The function generate_cb_identity is where it all happens, genereate_identity is just a small function so we try to avoid the long functions we had in the introduction.

Now, there are some important considerations to be aware of. Even though we use several threads, we use a regular usize here and the reason for that is that it's only one thread that will be generating Id's. This could cause problems if several threads tried to read and generate new Id's at the same time.

We use the wrapping_add method on usize to get the next Id, this means that when we reach 18446744073709551615 we wrap around to 0 again.

We do check of our callback_queue contains our key (even though that is unlikely by design), and if it's taken we just generate a new one until we find a available one.

Next up is the method we use to add a callback to our callback_queue:



#![allow(unused)]
fn main() {
/// Adds a callback to the queue and returns the key
fn add_callback(&mut self, ident: usize, cb: impl FnOnce(Js) + 'static) {
    let boxed_cb = Box::new(cb);
    self.callback_queue.insert(ident, boxed_cb);
}
}

If you haven't seen the signature cb: impl FnOnce(Js) + 'static before I'll explain it briefly here.

The impl ... means that we accept an arguments that implements the trait FnOnce(Js) with a 'static lifetime. FnOnce is a trait implemented by closures. There are three main traits a closure can implement in Rust and FnOnce is the one you'll use if you plan on consume an instance from the environment.

Since you consume the variable a closure implementing FnOnce can only be called once. Our closure will take ownership over resources we create in our main thread and consume it. We want this since once consumed, the resources we used will be cleaned up as a result of Rusts RAII pattern. It's implicit that FnOnce returns () in this case so we don't have to write FnOnce(Js) -> ().

Since callbacks are meant to only be called once, this is a perfectly fine bound for us to use here.

Now, traits doesn't have a size so for the compiler to be able to allocate space for it on the stack we either need to take a reference &FnOnce(Js) or place it on the heap using Box. We do the latter since that's the only thing that makes sense for our use case. Box is a pointer to a heap allocated variable which we do know the size of so we store that reference in our callback_queue HashMap.
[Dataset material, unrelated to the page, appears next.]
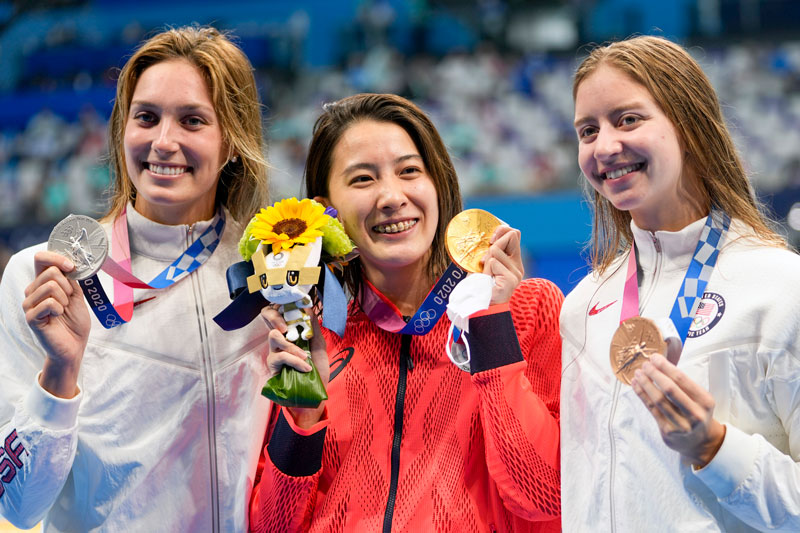 Alex Walsh, la japonesa y Kate Douglas celebran con sus medallas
What makes a closure? A function in rust can be defined as easily as || { }. If this is all we write it's the same as a function pointer, equivalent to just referencing my_method (without parenthesis). It becomes a closure as soon as you "close" over your environment by referencing variables that's not owned by the function.

Fn traits are automatically implemented, and whether it implements Fn, FnMut or FnOnce depend whether you take ownership over a non-copy variable, take a shared reference & or an exclusive reference &mut (often called a mutable reference).
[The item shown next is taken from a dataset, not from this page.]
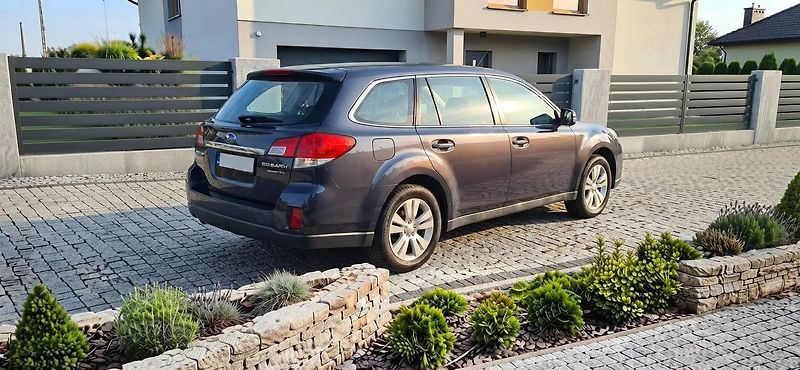 Subaru Outback 2.5 4x4 automat - fotka 6 z 28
Now that we got some closure basics out of the way we can move on. The next method is how we register I/O work. This is how we register an epoll event with our runtime:



#![allow(unused)]
fn main() {
pub fn register_event_epoll(&mut self, token: usize, cb: impl FnOnce(Js) + 'static) {
    self.add_callback(token, cb);

    print(format!("Event with id: {} registered.", token));
    self.pending_events += 1;
    self.epoll_pending_events += 1;
}
}

The first thing we do is to add the callback to our callback_queue, calling the method we explained previously. Next we do a print statement, just since we want to print out the flow of our program we need to add this at strategic places.

One important thing to note here. Our token in this case is already guaranteed to be unique. We generate it in the Http module (which is the only one registering events by using this method in our example). The reason for this will become clear in a few short chapters. Just note that we don't need to call generate_cb_identity here.

We increase the counters on both pending_events and epoll_pending_events.

Our next method registers work for the thread pool



#![allow(unused)]
fn main() {
pub fn register_event_threadpool(
    &mut self,
    task: impl Fn() -> Js + Send + 'static,
    kind: ThreadPoolTaskKind,
    cb: impl FnOnce(Js) + 'static,
) {
    let callback_id = self.generate_cb_identity();
    self.add_callback(callback_id, cb);

    let event = Task {
        task: Box::new(task),
        callback_id,
        kind,
    };

    // we are not going to implement a real scheduler here, just a LIFO queue
    let available = self.get_available_thread();
    self.thread_pool[available].sender.send(event).expect("register work");
    self.pending_events += 1;
}
}

Let's first have a look at the arguments to this function (aside from &mut self).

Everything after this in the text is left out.